Your shimmer & glimmer is making me dimmer.
I remember the heartache. The absence of your warmth. The long hours where it felt like I was falling endlessly into an abyss of darkness. Of nothing, null and numbness. The desperation to have some exposure to you, even the most miniscule. I know what you are going through right now. Maybe not in every which way, but I remember when half my heart was not beating in my chest. When I could not eat, sleep, or think. I suppose I am just blessed that the person bypassed themselves back in. I know things will get better for you, whether it is according to plan or not. So don’t let go of that happiness you are striving for. One day you will realize that the happiness you hope for so badly, has been with you the entire way.

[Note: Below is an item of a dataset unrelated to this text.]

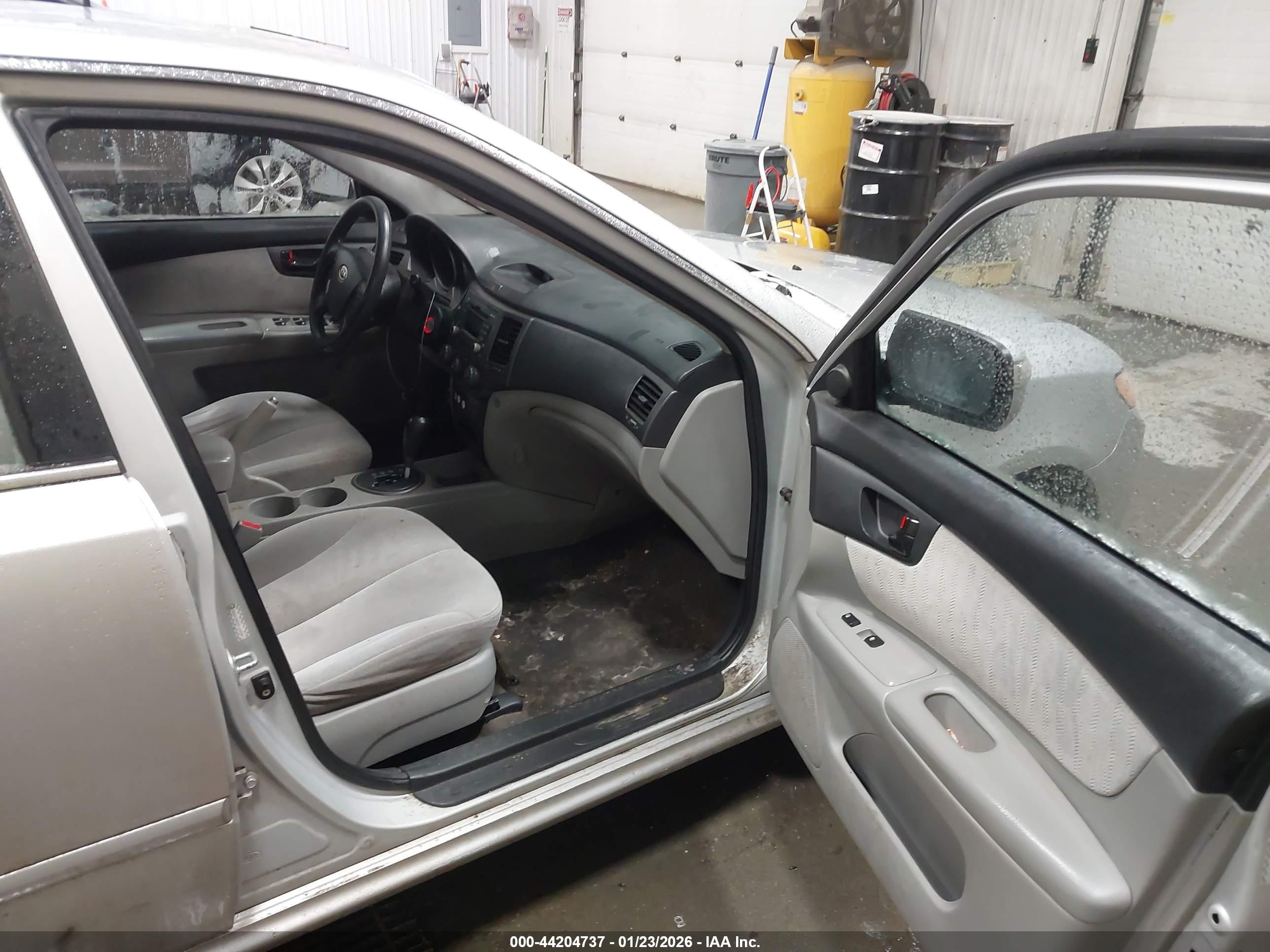 KIA OPTIMA image 5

I want to be a pioneer of life, not a prisoner of it. We are a work of art. We learn to read and to write on paper in order to go school to earn some paper so we can go to to work. We really are something, aren’t we? But I don’t want to be stuck in this endless cycle. I refuse. Life is about discovery. Life is about love. Life is about being alive. Why would you want to be stuck not enjoying what you are doing, when you could be free doing what you love? I want to be free in what I love. I want to get lost in what I love. And I am convinced that whatever or wherever that may be, I will find myself there.
What was I thinking? Did I not value what we had more than that? I was so naive. What did I end up after trading all of that? Unrequited love. Did it teach me how to love? To pine? To long? To wait for something that would never come? Was it worth it? What did I learn? I can’t help but feel that I am somewhat responsible for your history with love now. Would it be different now, if I chose you instead? Would you be happier? I know I can’t change what happened, but I can’t help but wonder. If my timing was off, if I said things a second too late, if you never acknowledged me again; what would we be like then? I can’t believe that I ever confused the hurt I put myself through for you for love.
How could I ever let something like that get in between us?
In retrospect, you were the connected, she was inter-connected, & I was disconnected. The only thing we had in common was our extremity. I suppose my rationalization of the circumstances lead to my condoning behavior.
Sometimes, I lay awake at night for hours, still wishing it was me.